"Göğerçin postası" marifetiyle ele geçen bir ibret levhasını takdımımdır
Bakındı hele ey azizler, her işi temam ettik de sıra fıstıki yeşile mi geldi; buyrunuz millet el'an cayır cayır başörtüsü mes'eleşi hakkında ahkam kesmekle meşgul bilfiil. Yok efendim isteyen takarmış da, isteyen başı açık gezermiş de, bundan kime neymiş felan. Birtakım muhitler ise ise gilobal ve arşiulusal bir mahiyet kazandırarak aziz ve mübarek idarecilerimizin aldığı bir kısım isabetli kararları, "insan haklarına mugayirdir; hangi asırda yaşıyoruz bilader" diyerekten zimparalamağa kalkışıyorlar.
Yahu arkadaşlar, siz bu işleri, bizi idare eden maküleden iyi mi bileceksiniz? Eğer kim devlet-i fahimanemiz "başörtüsü muzirrdir; dergahta, hankahta, bergahda giyilmesi kat'iyyen menü'dür diyorsa elbet bir bildiği vardır. İmdi siz zannedersiniz ki onca mekteplerde okumuş, ecnebi lisanlarını yalayıp yutmuş, Evropa görmüş aziz ve kıymetdar idarecilerimiz laf olsun kabilinden birtakım zecri tedbirler almaktalar, haşa yahu; öyle şey olur mu? Ölüler sanırmış ki diriler hep helva yiyor icabında. Ne yani, bu işleri dövlet ve hökümet-i fazılanemizin mohterem erkanı bilmiyor da, sizin gibi çorabı delik, karnı yırtık takımından mı öğrenecektir bahusus? Sayı ile insafa gelelim arkadaşlar; başörtüsü yasak deniyor ise elbette sizin gibilerin asla ve kat'a akıl erdiremeyeceği birtakım ince, nazik ve tabii sizin bilmenize lüzum görülmeyen bazı nükat vardır galiba alelhusus: Binaenaleyh, sonradan görmeler gibi ne oldum delisi kılıklarına bürünüp, hokumatı tenkide yeltenmenin alemi yoktur. Öyle "insan hakları, vicdan hürriyeti felan fulan.." gibi ecnebi ağızlarıyla idare-i şahanemizin siyaseti hakkında ileri-geri elfaaz-ı galatatda bulunmak seza değildir.

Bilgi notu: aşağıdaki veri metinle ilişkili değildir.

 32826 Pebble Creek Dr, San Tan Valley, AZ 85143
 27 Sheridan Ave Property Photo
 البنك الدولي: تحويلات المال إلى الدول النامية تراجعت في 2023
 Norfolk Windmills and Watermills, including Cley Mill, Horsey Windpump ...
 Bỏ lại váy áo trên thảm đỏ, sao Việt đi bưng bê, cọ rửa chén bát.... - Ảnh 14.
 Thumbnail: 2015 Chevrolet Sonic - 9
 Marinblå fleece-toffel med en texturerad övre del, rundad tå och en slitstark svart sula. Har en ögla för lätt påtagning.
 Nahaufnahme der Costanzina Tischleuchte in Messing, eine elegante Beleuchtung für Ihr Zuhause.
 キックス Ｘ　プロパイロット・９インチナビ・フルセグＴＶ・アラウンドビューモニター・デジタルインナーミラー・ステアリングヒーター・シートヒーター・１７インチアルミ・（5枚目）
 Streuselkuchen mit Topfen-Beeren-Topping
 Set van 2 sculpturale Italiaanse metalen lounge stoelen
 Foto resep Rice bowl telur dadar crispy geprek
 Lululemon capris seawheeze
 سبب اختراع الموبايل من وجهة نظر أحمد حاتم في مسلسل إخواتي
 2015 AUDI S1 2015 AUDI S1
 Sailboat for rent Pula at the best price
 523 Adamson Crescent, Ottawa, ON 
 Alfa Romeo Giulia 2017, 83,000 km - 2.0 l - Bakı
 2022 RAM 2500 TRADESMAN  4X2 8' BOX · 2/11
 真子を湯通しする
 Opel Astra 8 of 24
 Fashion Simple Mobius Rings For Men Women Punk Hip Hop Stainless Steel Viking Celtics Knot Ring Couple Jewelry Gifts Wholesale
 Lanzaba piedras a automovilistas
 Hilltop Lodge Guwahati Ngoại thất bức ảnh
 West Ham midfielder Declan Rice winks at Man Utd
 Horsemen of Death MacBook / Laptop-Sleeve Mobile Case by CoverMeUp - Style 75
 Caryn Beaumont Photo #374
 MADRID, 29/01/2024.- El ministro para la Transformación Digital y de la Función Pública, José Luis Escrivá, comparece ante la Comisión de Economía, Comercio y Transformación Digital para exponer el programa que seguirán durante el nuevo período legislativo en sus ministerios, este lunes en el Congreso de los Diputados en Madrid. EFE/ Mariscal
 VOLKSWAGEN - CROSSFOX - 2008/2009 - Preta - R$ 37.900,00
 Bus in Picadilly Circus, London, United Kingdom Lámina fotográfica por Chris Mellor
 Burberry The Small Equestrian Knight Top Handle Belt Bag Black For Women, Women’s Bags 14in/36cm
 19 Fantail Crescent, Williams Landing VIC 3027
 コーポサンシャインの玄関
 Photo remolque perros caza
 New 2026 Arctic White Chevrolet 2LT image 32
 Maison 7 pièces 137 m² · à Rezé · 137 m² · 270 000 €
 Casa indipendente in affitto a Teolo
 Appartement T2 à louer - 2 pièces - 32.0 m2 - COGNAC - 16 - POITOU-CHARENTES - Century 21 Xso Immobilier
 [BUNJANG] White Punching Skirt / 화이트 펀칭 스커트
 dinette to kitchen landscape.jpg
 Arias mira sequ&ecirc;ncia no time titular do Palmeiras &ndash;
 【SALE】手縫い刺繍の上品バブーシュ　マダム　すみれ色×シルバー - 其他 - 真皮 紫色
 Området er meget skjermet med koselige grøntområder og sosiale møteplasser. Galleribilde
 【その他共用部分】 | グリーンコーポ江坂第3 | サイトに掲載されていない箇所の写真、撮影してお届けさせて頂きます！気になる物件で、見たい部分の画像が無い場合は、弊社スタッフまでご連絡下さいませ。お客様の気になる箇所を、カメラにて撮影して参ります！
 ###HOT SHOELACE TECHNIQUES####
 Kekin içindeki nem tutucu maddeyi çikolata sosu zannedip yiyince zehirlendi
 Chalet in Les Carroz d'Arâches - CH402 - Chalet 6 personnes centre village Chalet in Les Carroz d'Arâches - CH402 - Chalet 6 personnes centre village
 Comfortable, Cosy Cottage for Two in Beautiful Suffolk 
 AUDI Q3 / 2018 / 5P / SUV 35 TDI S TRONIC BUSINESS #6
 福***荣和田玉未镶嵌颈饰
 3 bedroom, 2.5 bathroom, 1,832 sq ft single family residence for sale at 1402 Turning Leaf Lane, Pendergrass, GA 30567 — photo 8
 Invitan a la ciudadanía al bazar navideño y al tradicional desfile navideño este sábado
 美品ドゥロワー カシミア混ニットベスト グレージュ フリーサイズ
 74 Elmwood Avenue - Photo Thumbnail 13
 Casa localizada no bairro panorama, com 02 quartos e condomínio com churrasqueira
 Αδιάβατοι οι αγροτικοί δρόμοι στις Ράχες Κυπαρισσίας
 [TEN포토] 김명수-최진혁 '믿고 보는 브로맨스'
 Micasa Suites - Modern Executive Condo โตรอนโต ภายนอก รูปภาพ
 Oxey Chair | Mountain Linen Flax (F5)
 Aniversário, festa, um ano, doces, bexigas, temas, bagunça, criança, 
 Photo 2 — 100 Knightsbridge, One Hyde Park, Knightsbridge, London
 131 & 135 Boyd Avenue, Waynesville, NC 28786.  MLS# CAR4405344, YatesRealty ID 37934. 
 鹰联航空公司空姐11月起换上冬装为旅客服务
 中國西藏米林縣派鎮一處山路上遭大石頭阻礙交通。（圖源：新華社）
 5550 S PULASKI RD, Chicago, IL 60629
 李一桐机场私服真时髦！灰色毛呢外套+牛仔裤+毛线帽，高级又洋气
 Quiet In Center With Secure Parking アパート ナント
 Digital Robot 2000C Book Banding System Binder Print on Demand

Nerde eski zemanlar bilader; vaktiyle ayak da belli idi, baş da; netekim şimdi her bir kimse dünya ve memleket ahvali hakkında imal-ı fikr etmeye başladı. Sen bilmezsin ey kaarı, bir zamanlar Beyoğlu'nda, Nişantaşı'nda papyon giravatlı, sakız gibi beyaz gömlekli, rugan pabuçlu, takım elbiseli beyefendiler, kollarında Şanzelize'de esen bahar rüzgarlarının medeni itirlarını derhatır eden kibar kostümlü, sık hanımlarla gezinirler idi; Beyoğlu bir mekteb-i edeb idi ki iş icabı İstiklal Caddesi'nden transit geçmek ızdırarında bulunanlar dahi Evropai takım elbise telebbüs etmeden oracıklarda görünmekten haya ederler idi; vakta ki ahali canım İstanbul'a dökülünce vatandaş evine kapanmak zorunda kaldı; Lö Bon'ların yerini lahmacuncular, Baylan'ın yerini seyyar ciğer yahnicileri istila eyledi. Nerden bileceksiniz bilader, bu ahaliyi haddini bilmez bir makule haline getiren hep o Ednan Bey'dir; taşranın köylüsüne, bayırın görgüsüzüne "canım vatandaşlarım" dedikçe bunları bağ-bacak zaptetmez oldu. Hatta bir aralık -inanılır gibi değil fekat biz bu eyyamı gördük ey aziz monserler- bunlar memleketi bile idare edebilecekleri zehabına dahi kapıldılardı. Neyse kim birtakım umur erkan görmüş, kibar ve görgülü memleket evladı ise müdahele etti de o kabustan kurtuluverdikdi. Lakin kar etmedi, bu güruh-i nabeca yeniden cesaretlendi, sağda-solda "biz bu memleketi niye idare edemeyelim, biz de mektep-medrese gördük" diyerekten efelenmeye, birtakım siyasi gürültüler çıkarmaya başladılar. Be bil ader, adamın "mektep-medrese" deduğu ya Elbistan İmam-Hatip Okulu ya Kastamonu Leyli-Meccanı Lisesi. Hokumat ayıp olmasın diyerekten kapıya "lise" levhası aştı diye bunlar horozlanıp "kültürden, ilimden biz de anlarız biraz" teranesiyle memalikin huzurunu ifsad ettiler. Netekim işte hal-i pür melalımız ortadadır buyrun icabında!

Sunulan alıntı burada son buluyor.